Routinier Timo Boll stellte nach seinem Ausscheiden beim WTT-Champions-Turnier in Frankfurt am Dienstag (31.10.2023) zudem fest, es gebe nun für ihn keine Turniere mehr bis Ende des Jahres. Spontane Verlegungen und Absagen der WTT-Events zeigten in dieser Saison: Die Vision von WTT-Chef Stephen Duckitt, Tischtennis nach dem Vorbild Tennis umzukrempeln, ist eben genau das – noch eine Vision.

Profis im Stress: Priorisierung für DTTB-Präsidentin alternativlos

Doch die Prognose, dass die Anzahl der Wettbewerbe bei besserer WTT-Planung noch einmal zunehmen wird, steht. Zuversicht, dass die erwartbare Terminflut in Zukunft eingedämmt und so Athletinnen und Athleten entlastet werden könnten, versprüht DTTB-Präsidentin Claudia Herweg im Dlf-Interview nicht: "Dagegen wird keiner was tun können. Das ist eine Entwicklung, die genommen worden ist, die man nicht mögen muss, aber gelöst wird die Flut an Terminen nicht."
Als Reaktion auf den überladenen Wettkampfkalender sieht sie nur eine Möglichkeit für Profis: "Der Glaube, dass man die Anzahl der Events im Moment reduziert bekommt – das halte ich nicht für sehr realistisch. Dann überlege ich lieber: Okay, was kann ich aus der Gemengelage realistisch tun? Was ist mein Einflussbereich und nicht mein Interessenbereich? Und beeinflussen kann ich nur, wo ich melde."
Eine Priorisierung erachtet Herweg als alternativlos. Analog zum Tennis hieße das, als Profi individuelle Schwerpunkte in seiner Saison zu setzen, Trainingsblöcke und Wettbewerbszeiten strenger zu trennen. Periodisierung und Zyklisierung sind Stichworte aus der Sportwissenschaft – kein Profi kann das ganze Jahr über in Topform sein. Aus dem Tennis kennt man die Frage vor wichtigen Turnieren: Welche Stars sind dabei, welche fehlen diesmal? Auch die besten Tischtennisprofis werden nicht bei allen Turnieren teilnehmen können.
"Wenn ich nicht auf Olympia gehen würde, dann würde ich zum Beispiel Bundesliga spielen und nur ein paar Einzelturniere. Es hängt relativ stark an der eigenen Situation", betont Herweg. "Und das ist anders als früher. Früher haben eigentlich die Spieler alle relativ ähnlich das Gleiche getan."

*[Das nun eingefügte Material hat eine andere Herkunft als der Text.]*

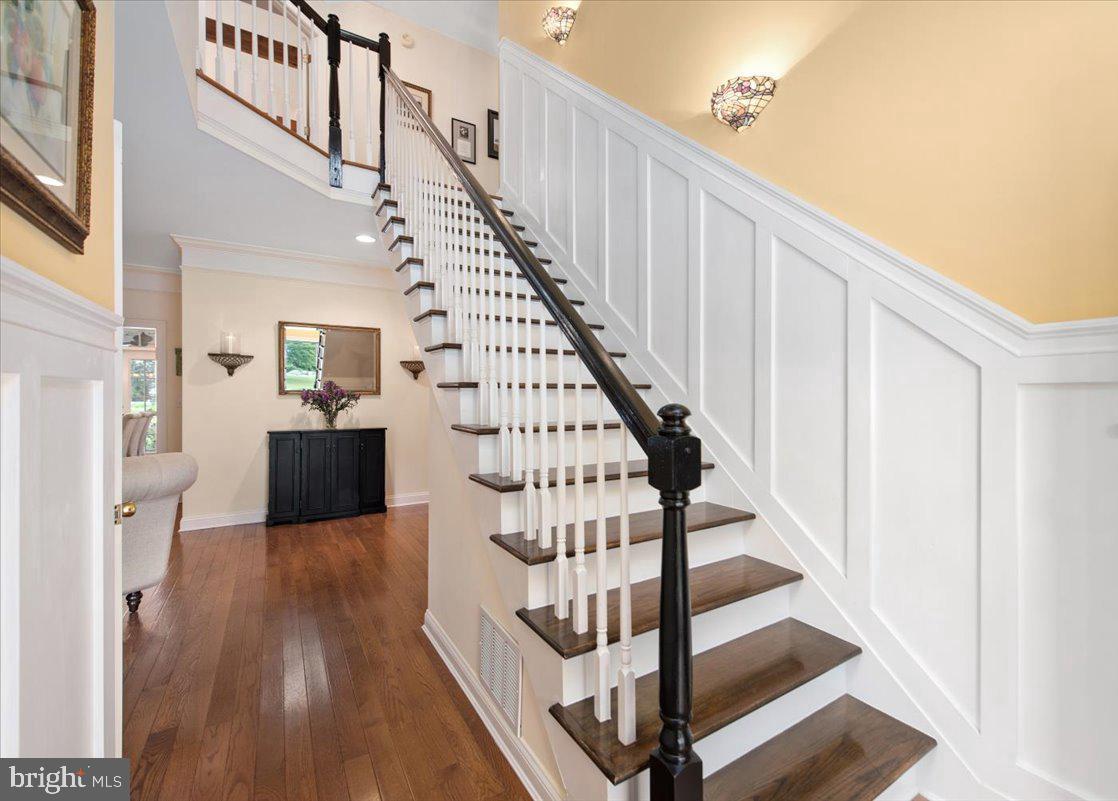 MEADOWS NEIGHBORHOOD - Residential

Individuelle Kalender als Herausforderung für Bundestrainer

Und das impliziert auch Probleme für die Nationalteams. Gut möglich, dass sich Bundestrainer Jörg Roßkopf und -trainerin Tamara Boros zukünftig mit Profis arrangieren müssen, die in verschiedenen Trainings- und Wettkampfphasen stecken.
Die DTTB-Präsidentin weist darauf hin: "Das macht natürlich die Situation schwieriger, dann alle in der Trainingsgruppe zusammenzuhalten, Trainingsphasen zu planen. Und individuell eben – wir haben ja glücklicherweise eine längere Liste an Top-Athleten – die alle in eine Richtung zu planen, ist dadurch schwieriger."

Task-Force zur mittel- bis langfristigen Planung?

Mehr Ordnung ins derzeitige Chaos des Tischtennis-Kalenders zu bringen, das hatte sich Bundestrainer Roßkopf bereits zuletzt gewünscht. DTTB-Präsidentin Herweg unterstützt dessen Ruf nach einer Task-Force, die dem Terminkalender Herr werden und die Planungen besser abstimmen soll.
Jedenfalls ist der Kalender in 2024 bereits voll mit Tischtennis-Veranstaltungen. Noch vor den Olympischen Spielen im August in Paris will nach Sportschau-Informationen die WTT-Serie drei Grand Smashes durchziehen.